Against all this, it is equally hard to believe that the specifically anti - aristocratic, anti-feudal revolutionary ideology of the Rights of Man would have emerged as it did without the jumble of accident, miscalculation, and misunderstanding which coalesced into a revolution in specifically French circumstances. It is equally hard to believe that anything as extraordinary as dechristianization would have occurred without the monumental misjudgement which produced the Revolution's quarrel with the Catholic Church. Without that quarrel, the dramatic revival in the authority of the papacy also seems inconceivable. Representative government may well have been on the horizon, but how long would the ideal of popular democracy have taken to establish itself without the example of the sansculotte movement? it certainly transformed and widened out of all recognition the cause of parliamentary reform in England-although the blood-stained figure of the sansculotte probably galvanized conservative resistance on the other side.
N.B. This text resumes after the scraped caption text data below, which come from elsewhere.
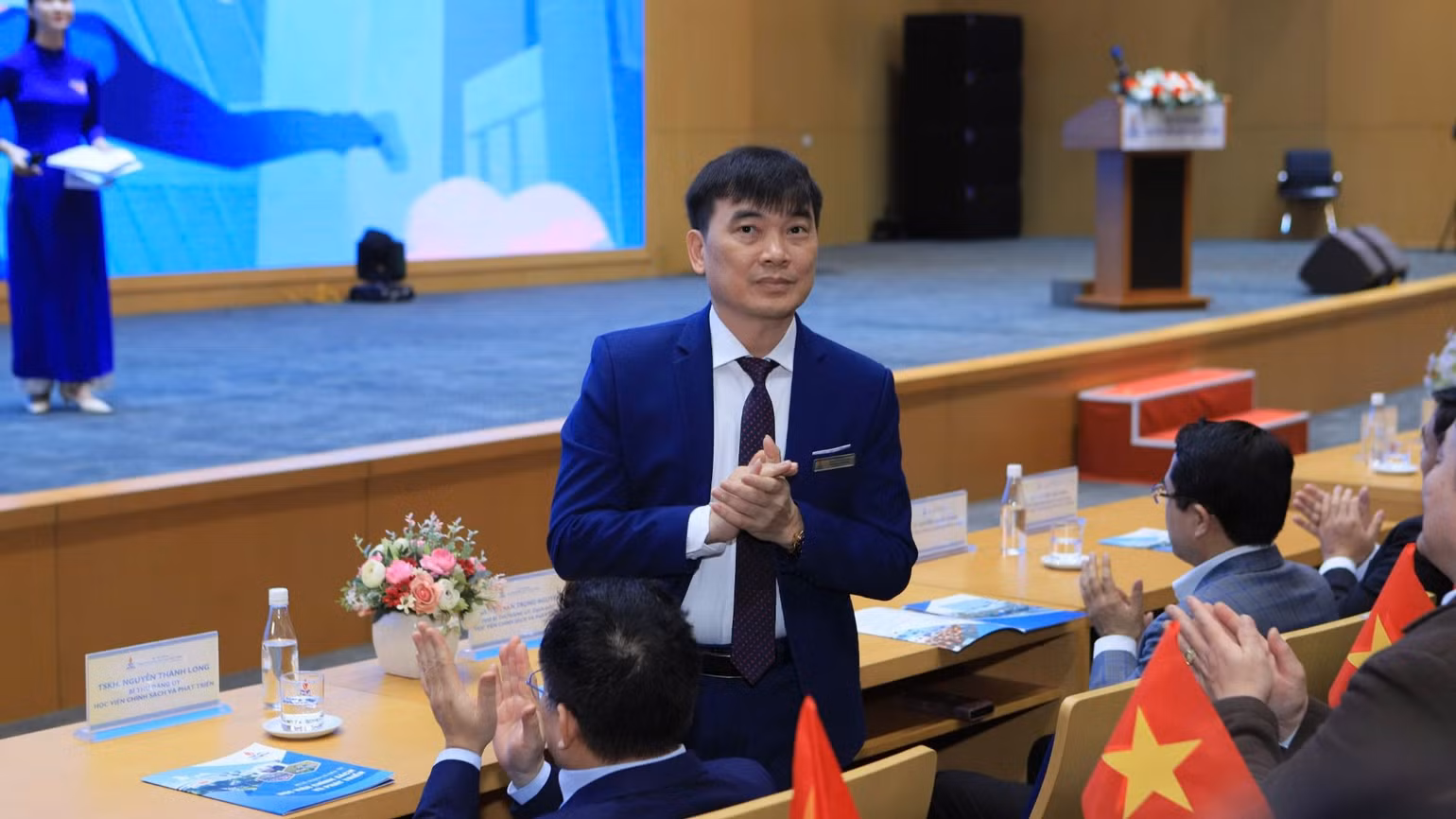 NGƯT, PGS,TS Trần Trọng Nguyên - Giám đốc Học viện Chính sách và Phát triển đón chào học sinh đến thăm Học viện.
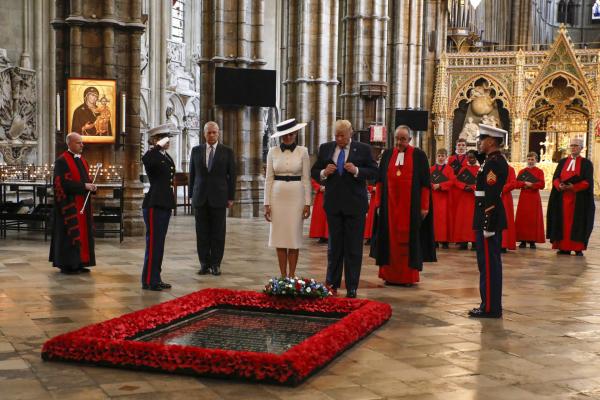 <p>Президентът на САЩ Доналд Тръмп, в центъра в дясно и първата дама на САЩ Мелания Тръмп полагат цветя на гроба на незнайния войн заедно с принц Ендрю. Уестминстърското абатство в Лондон. 3 юни 2019. Photographer: Luke MacGregor/Bloomberg</p>
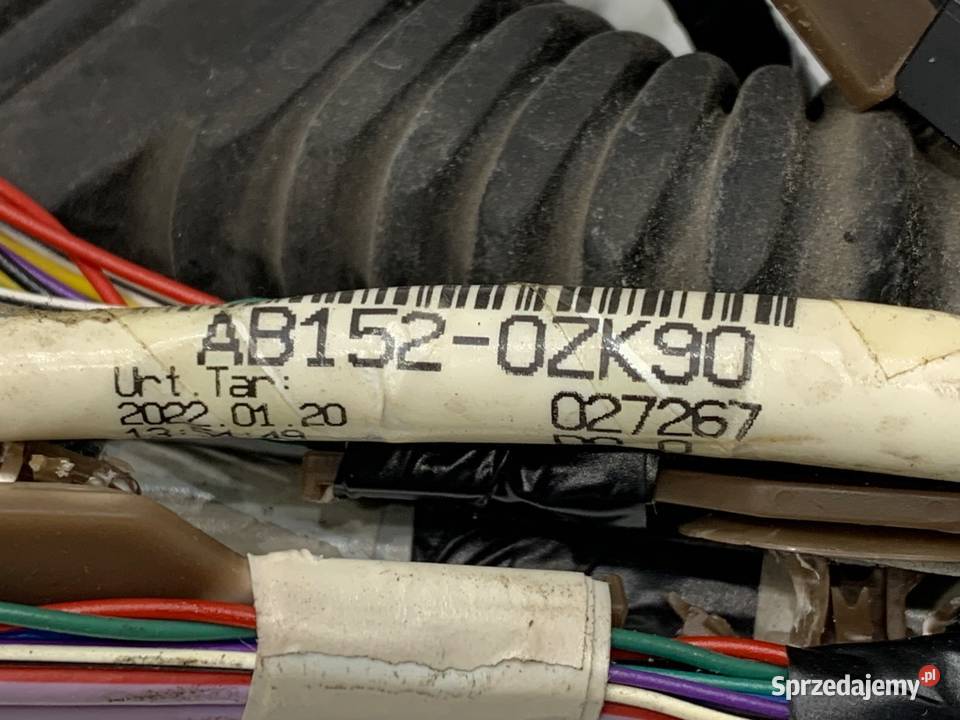 WIĄZKA DRZWI PRZÓD LEWY TOYOTA COROLLA E21 18 98 podkarpackie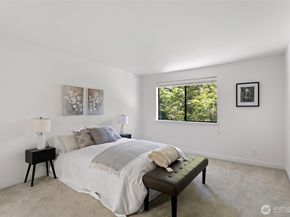 10 143rd Avenue SE 4, Bellevue WA 98007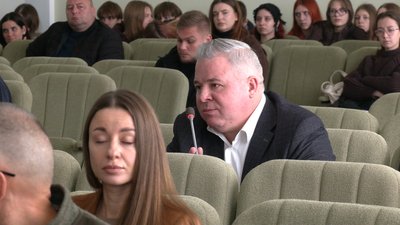 Дефіцит освітньої субвенції у понад 18 мільйонів гривень: як пройшла 51 сесія Чернігівської міськради Дефіцит освітньої субвенції у понад 18 мільйонів гривень: як пройшла 51 сесія Чернігівської міськради
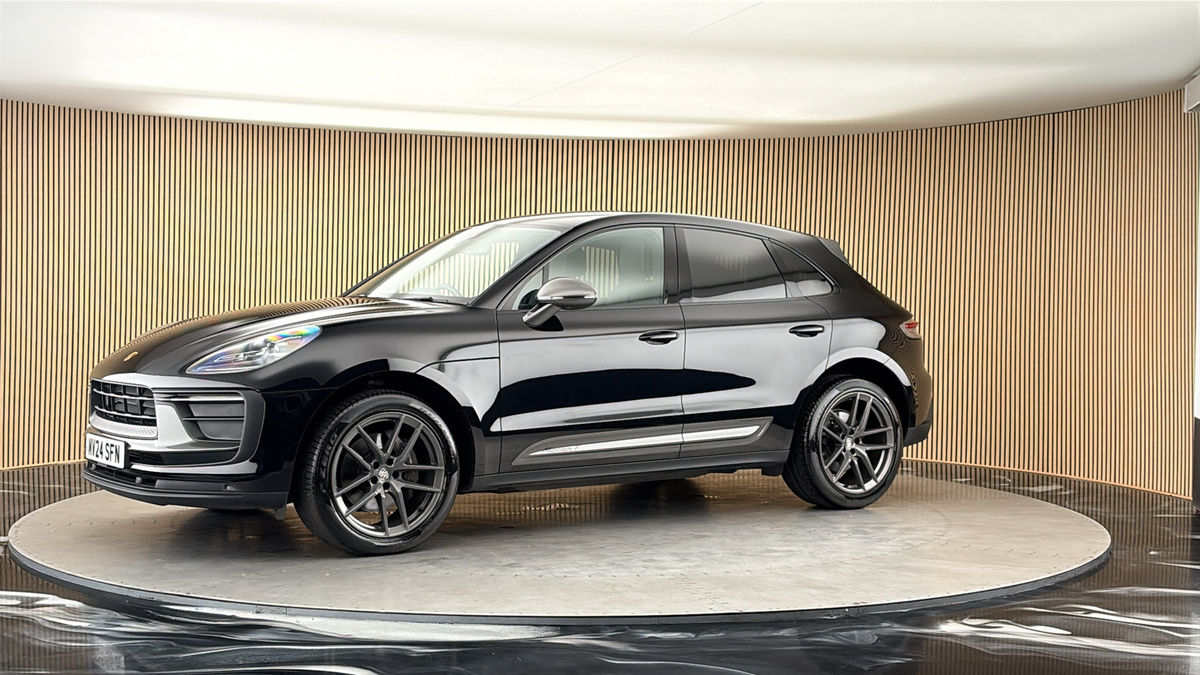 More views of Porsche Macan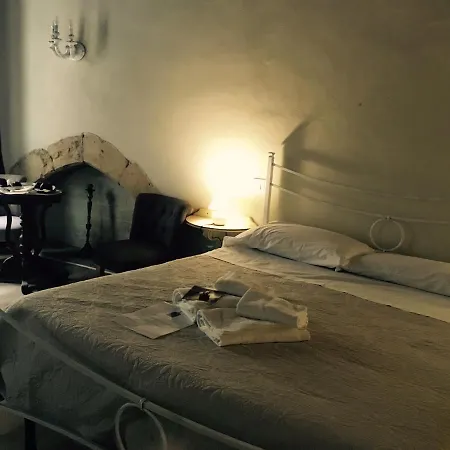 Cento Bed and Breakfast
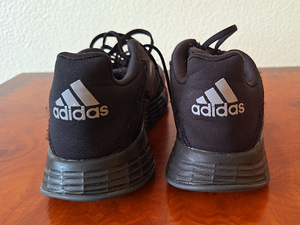 Кроссовки Adidas (2 фото из 3)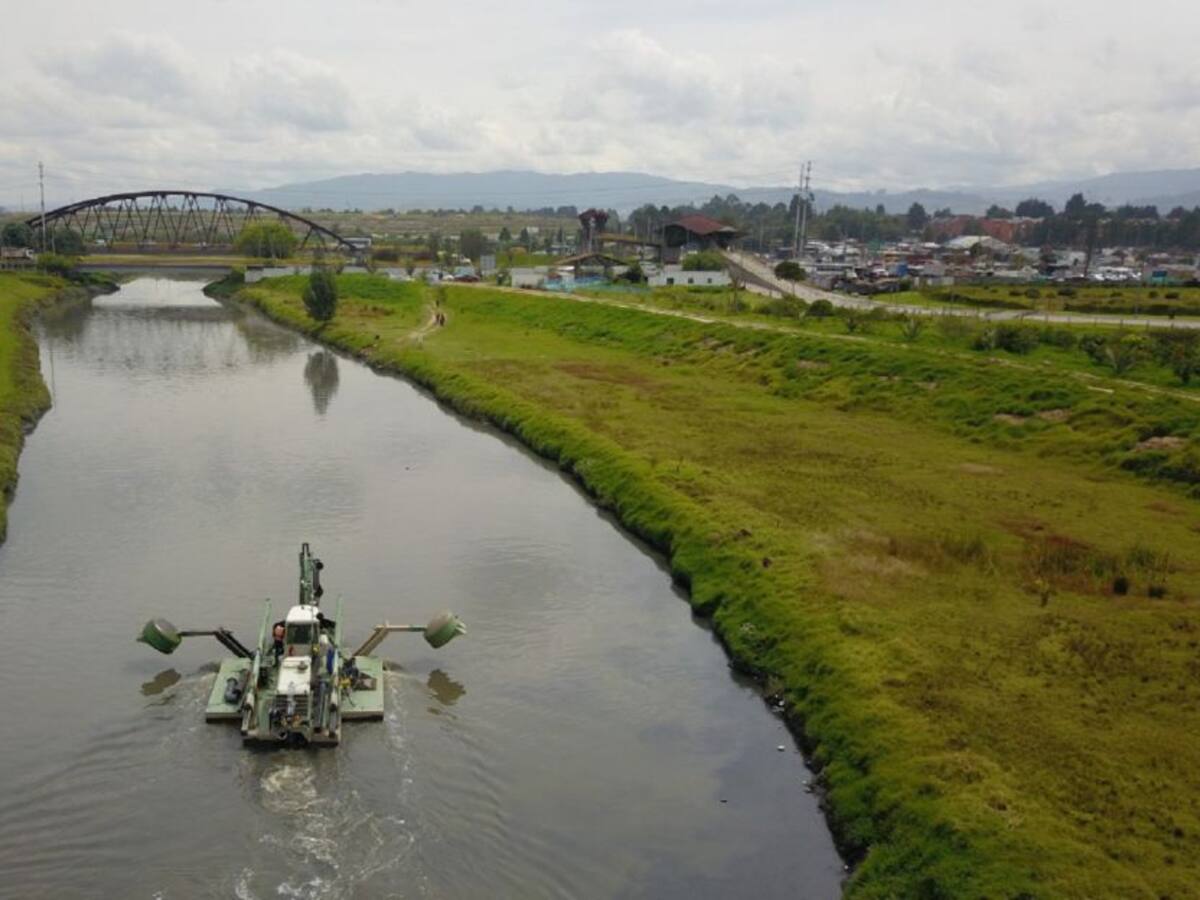 Enorme recolección de residuos en el río Bogotá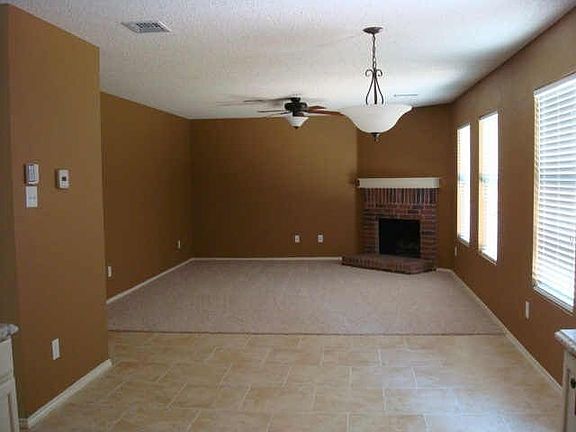 4th image of 8001 Settlement Dr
Above all, the revolutionaries' decision to go to war, which all historians agree revolutionized the Revolution, destroyed an established pattern of warfare in a way no old regime government would otherwise have promoted. Arming the people was the last thing they would have dreamed of The emergencies of that war in turn produced the scenes which have indelibly marked our memory of the Revolution: the Terror. Massacres were nothing new, and the worst ones of the 1790s occurred outside France. But there was something horribly new and unimaginable in the prospect of a government systematically executing its opponents by the cartload for months on end, and by a device which, however humane in concept, made the streets run with blood. And this occurred in what had passed for the most civilized country in Europe, whose writers had taught the eighteenth century to pride itself on its increasing mildness, good sense, and humanity. This great drama transformed the whole meaning of political change, and the contemporary world would be inconceivable if it had not happened. In other words it transformed men's outlook.

 

 

 

Chapter Questions on the French Revolution

 

1.    What seems to have motivated many of the revolutionaries, as revealed by the demands made prior to the French Revolution and the actions taken during the revolution?

 

2.    What factors help explain why this revolution occurred in France, one of the most prosperous and powerful nations of Europe? What does this explanation add to the significance of the revolution?

 

3.    With the advantage of hindsight, what might the monarchy have done to retain control and minimize revolutionary changes?

 

4.    In what ways should the French Revolution be considered a middleclass revolution?